To manually load the model into Fairo (Fairo can also automatically find models, using resource discovery, which we won't cover in this post) navigate to the models' page, click create a new model.
Select MLFlow as the model source, select your schema, and model ID from the dropdown.
Here is where you can configure details about the model, including the base model (if applicable),type, architecture, supported languages, citations/references, license, model card, lifecycle stage, and inference table.
To add the inference table, just click the button and select the table we created from the previous step.
Important: Be sure to set the lifecycle stage to Implementation and Deployment if you are generating inferences in production for customers, as this will trigger a number of AI-posture related tests from Fairo that will make sure your model is behaving as expected.
After saving, you will see the tests badge appear on the left-hand side of the model details. These tests are Fairo’s AI posture tests, that serve a variety of quality, risk, and compliance functions.
Clicking the test badge will bring you the evidence test screen where we are evaluating table monitors for all of your models that are in the Implementation and Deployment lifecycle stage.
If the test fails for any of your models, a 'Create Monitor' button will appear. Clicking it will help you easily configure the monitor from within Fairo’s UI.
To make the monitor configuration even easier, Fairo’s AI agent can detect which fields store predictions, timestamp, model ID, as well as what type of problem the model is solving (this is saved on the model card too), and which features can be used to evaluate the model for bias.
The agent will not create any monitors for you, just fill in the requested fields in the modal for you to review. Note that the action will not read your data, it will just read the schema, and guess the fields and slicing expressions based on the available information including column name, type, length and description.
If you are satisfied with the monitor configuration, click create monitor and Fairo will call the Databricks API to set it up automatically.
Once the test is complete, the test status will update to 'OK.' You now have a monitor setup, and we will continuously make sure that the monitor is in place and working.

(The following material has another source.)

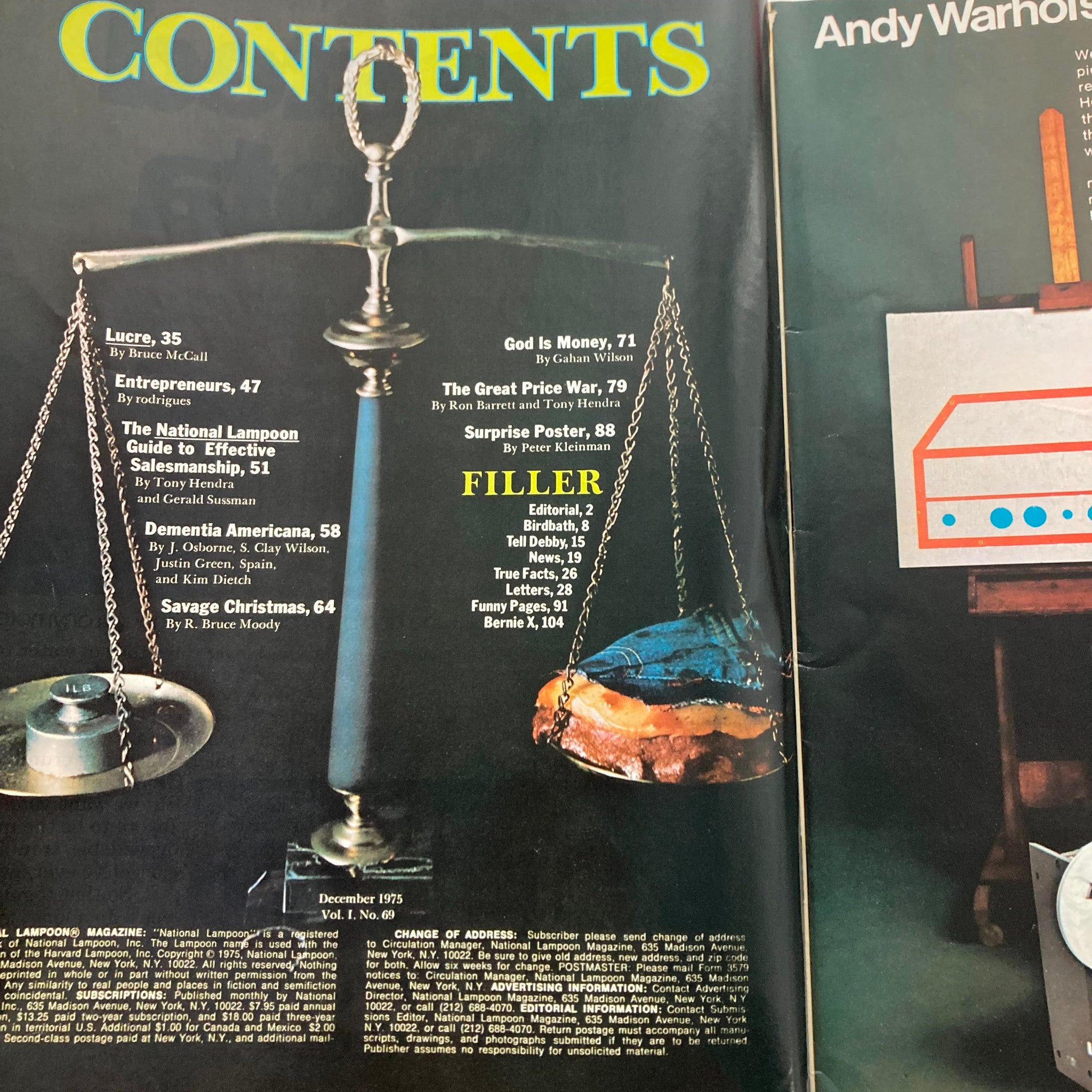 Contents page of Vintage National Lampoon Magazine December 1975, featuring article titles including 'God Is Money' and 'The Great Price War'.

The results of these tests are associated with a variety of controls in the platform, and can provide necessary evidence for frameworks and laws including Colorado's Life Insurance law and AI Act, ISO 42001, NIST AI Risk Management Framework, and EU AI Act.
Next Steps
With Fairo, you don’t need to worry about making sure your model has the appropriate monitoring set up. Based on a variety of data we capture in our platform, including intended uses, impacted party personas, and technical information, we are able to ensure your AI monitoring posture is consistently in line with best risk, quality, and regulatory practices.

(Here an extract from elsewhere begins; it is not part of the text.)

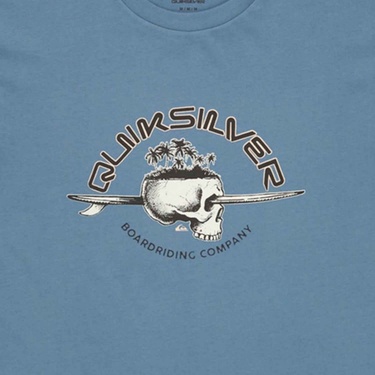  Quiksilver Skull Lines Erkek Mavi Tişört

Now you know how to set up inference tables for your models and monitor them effectively, we can start to go into deeper detail on testing and evaluating our AI models. We will be publishing follow-ups to this tutorial in the coming weeks that will show you how to test your AI agents and reduce hallucinations like a pro. Even if your organization is new to AI, Fairo will make sure you operate like a seasoned professional across all aspects of AI governance, risk, quality, and compliance.